What do I mean by all this?
First of all, every light has a color of some sort. Most lights lie somewhere along the blue/yellow spectrum, where blue makes for a colder result and yellow makes for a warmer result.
(Note that there are some lights that sit smack-dab in the middle of this spectrum and therefore appear completely neutral, but they’re rare.)
Because our eyes automatically compensate for light color, it’s not something that you’ll notice unless you really look for it. But cameras don’t automatically compensate for light color, so photos with blue lights look very blue, while photos with warm lights look very yellow.
And it’s your job, as a photographer, to neutralize this color cast to prevent it from making your photos look unnatural.
One way to do this is by setting your camera’s white balance. But you can also deal with white balance in post-processing, provided you shoot RAW.
That said, there is one situation that cannot be resolved by properly setting your white balance, and it’s this one:
When you have a scene that’s lit by multiple light sources with different color temperatures, you can never balance out the shot for a perfectly neutral image (unless you do some careful local editing, that is).

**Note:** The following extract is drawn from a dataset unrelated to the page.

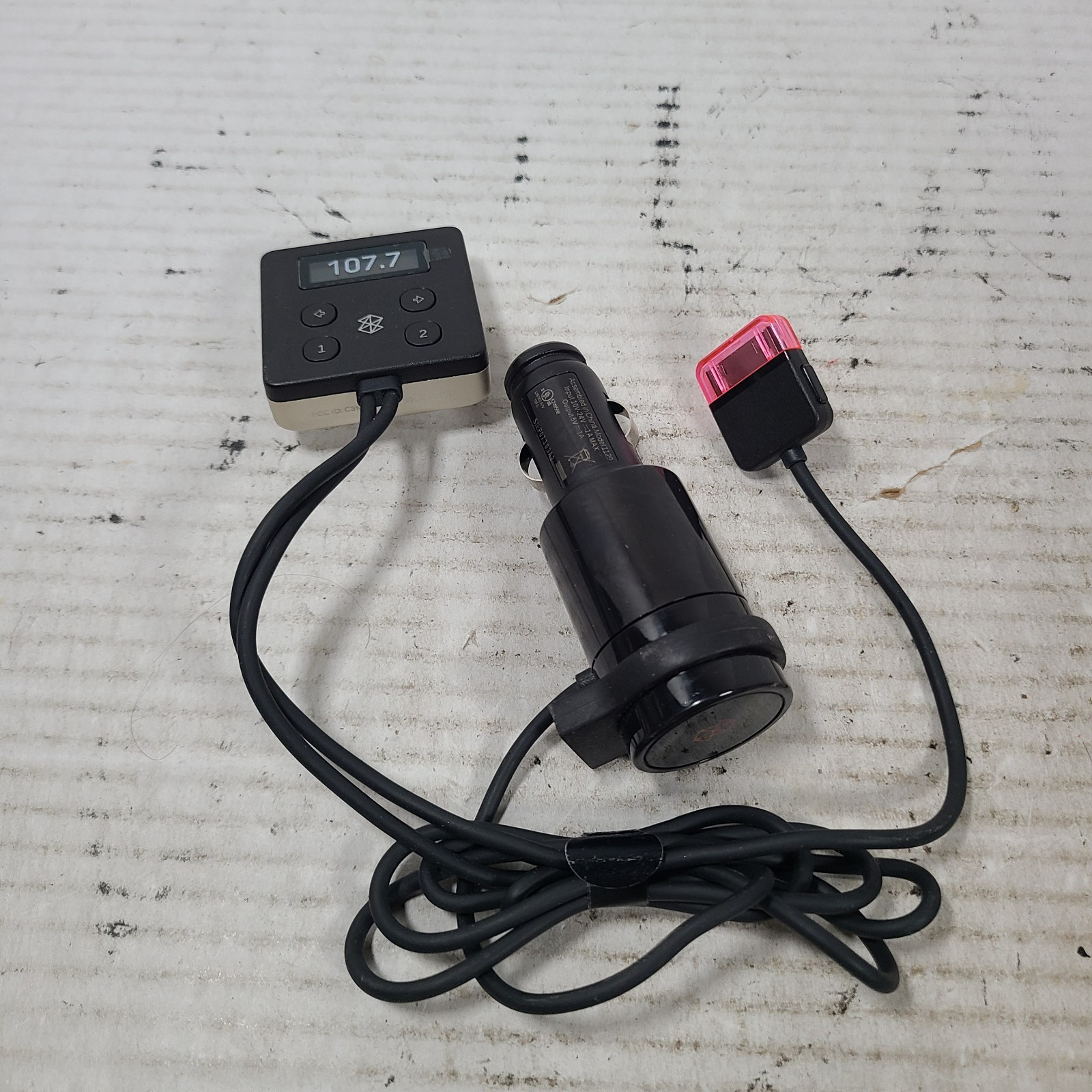 Microsoft Zune Car Pack FM Transmitter Charger Dock Black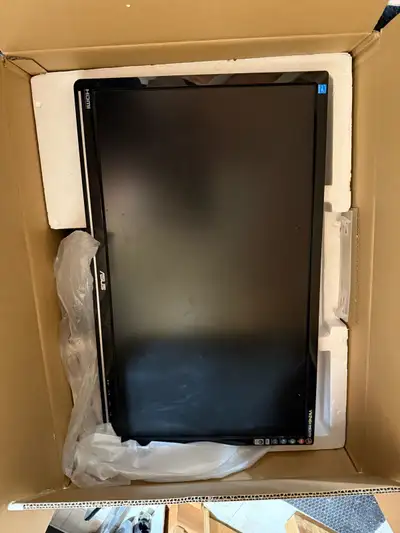 Asus 24” monitor 2 ms response, View more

So you need to make sure that all of your light sources match up! That way, you can avoid this problem, and end up with natural-looking images.
Artificial Light Modifiers
As I mentioned above, modifiers adjust the light, generally to make it broader and softer, such as in the case of umbrellas, softboxes, and diffusers.

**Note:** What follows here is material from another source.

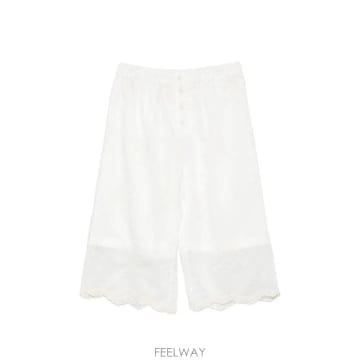 아워레가시 프릴 쇼츠 화이트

These are great for when you want more flattering images, and I recommend that everyone start out with at least an umbrella; these are easy to use for great results!
Note that some modifiers don’t soften the light, but instead modify it in other ways. Snoots, for instance, concentrate the beam for a very sharp, well-defined look.
And barn doors let you block the light in certain areas but not others.
It really depends on what you’re after–and if you can imagine an effect, there’s probably a modifier that can do it for you!
Artificial Light in Photography: Conclusion
If you’re looking to take your photography to the next level, learning to use artificial light is crucial.
Artificial light allows you to gain tremendous control over your images–and will ensure that you get the best possible results, consistently.
So don’t be intimidated by artificial light! Instead, recognize that it can help you a lot, and embrace its power.
Artificial lighting is very helpful, and it can really enhance your photos. But you can also capture beautiful natural light images, so it’s up for you to decide what works and what doesn’t.
Yes, light direction is essential! By shifting the direction of the light, you can end up with photos that are dramatic, or two dimensional, or flattering, or uplifting, or anything in between.
It’s a good idea to have at least an umbrella or two, because this will allow you to substantially soften the light and create very flattering images.
I’d recommend going with a strobe, unless you’re going to be using the lights for video, as well. Strobes are far more powerful than continuous lights (generally speaking), so they give you a lot more bang for your buck.